London Friend chief executive Matthew Halliday: ‘an invaluable service’

Published: 3 December, 2010
by PETER GRUNER

ONE of the capital’s best-known gay and lesbian advice centres – King’s Cross-based London Friend – is under threat in the current round of spending cuts.

The organisation, whose patron is Lord Smith of Finsbury, the UK’s first openly gay MP, has been in existence for 40 years.

Now it will have to raise at least £100,000 to buy its rented offices from Islington Council at auction next year – or face eviction.

The council, which owns the two-storey building in Caledonian Road, had planned to put it up for sale to the highest bidder at auction in three weeks time.

But following a local and national outcry, the council has agreed to give the charity another year to raise funds to buy the premises.

Charity chief executive Matthew Halliday has welcomed the chance to save London Friend.

“We give an invaluable service to the gay and lesbian community,” he said. “We are launching an immediate appeal to buy the building and are hoping the thousands of our supporters will put their hands in their pockets. 

“If we had gone to auction in three weeks time a  private developer would have been allowed to purchase the property and our rents would have spiralled. We wouldn’t have been able to afford to stay. At least we have time to launch this appeal.”

The charity, which employs four full-time staff and a part-timer, costs £100,000 a year to run.

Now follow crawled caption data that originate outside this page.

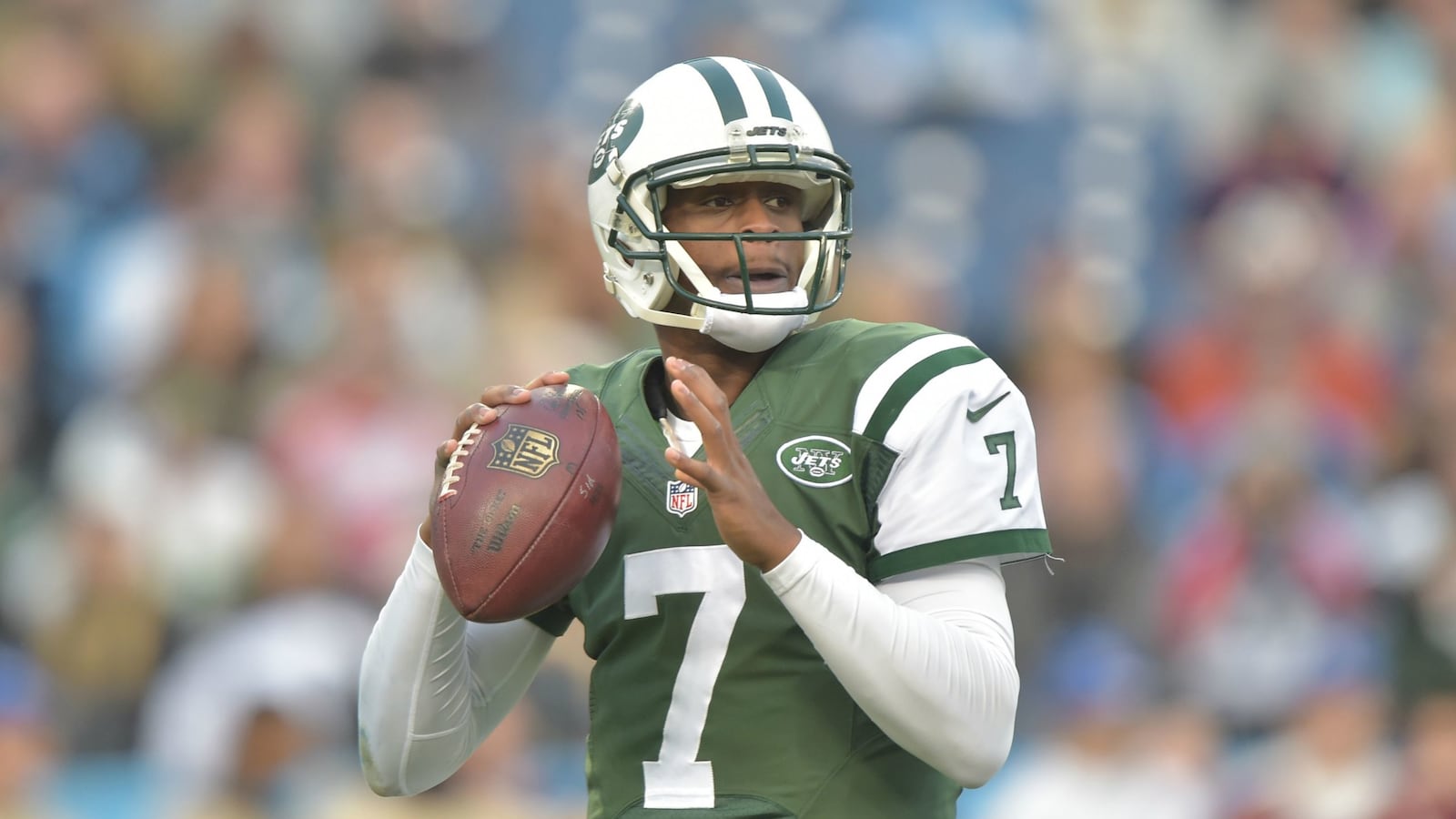 cheats/2015/08/11/ny-jets-quarterback-breaks-jaw-in-brawl/150811-jets-jaw-cheat_uec4rw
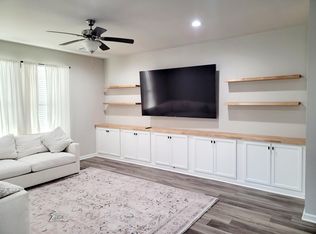 1019 Foxtail Dr, Baton Rouge, LA 70820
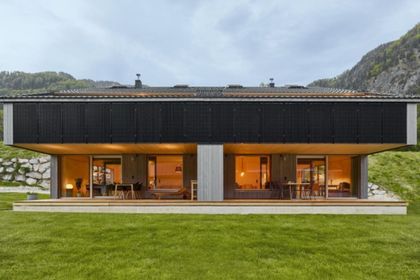 Ein Doppelwohnhaus in Holzmassivbauweise – zeitgemäße Architektur und hohe Energieeffizienz trotz „Low tech“ (Foto: Atelier Wortmeyer)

The £11,500 annual rent went up by 25 per cent in March.

Islington Lib Dem opposition leader Councillor Terry Stacy said he could not understand why the controlling Labour group were selling the building in the first place.

He added: “Labour’s hypocrisy knows no bounds.  Just a few months ago when they were in opposition they were saying a rent increase for London Friend would be totally unfair.  

“Now they have their feet under the Town Hall table they are planning to sell the whole building off.”

He added: “The council should be supporting them, not threatening to turf them out of the building and make them homeless.”